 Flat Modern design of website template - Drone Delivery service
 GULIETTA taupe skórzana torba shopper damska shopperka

...

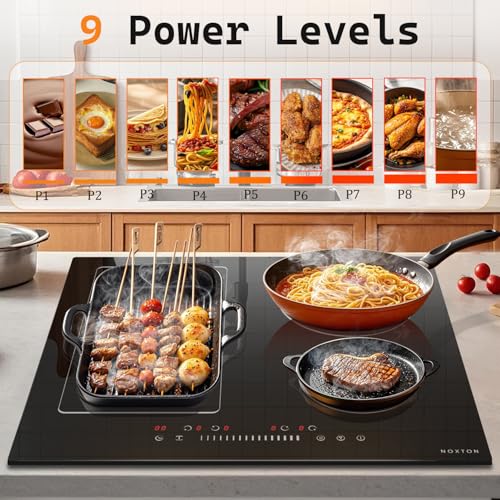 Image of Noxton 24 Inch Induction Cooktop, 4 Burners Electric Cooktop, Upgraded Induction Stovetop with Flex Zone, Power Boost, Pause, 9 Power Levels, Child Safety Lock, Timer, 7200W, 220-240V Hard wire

---

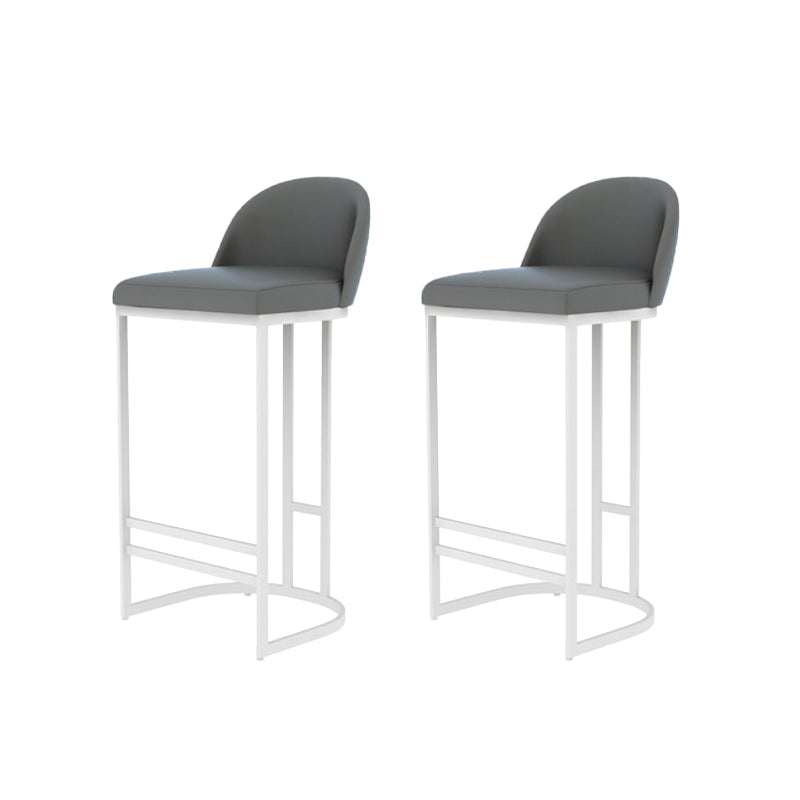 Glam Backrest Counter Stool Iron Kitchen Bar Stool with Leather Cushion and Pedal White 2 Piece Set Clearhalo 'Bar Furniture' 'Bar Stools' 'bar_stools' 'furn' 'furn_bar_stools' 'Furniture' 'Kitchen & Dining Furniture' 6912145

• _Work instructions_
Every line above from the line with "Flat Modern design" to the line with "GULIETTA taupe skórzana", both included, must be reproduced exactly, and no other line may appear.

• _Answer to this exercise_
 Flat Modern design of website template - Drone Delivery service
 GULIETTA taupe skórzana torba shopper damska shopperka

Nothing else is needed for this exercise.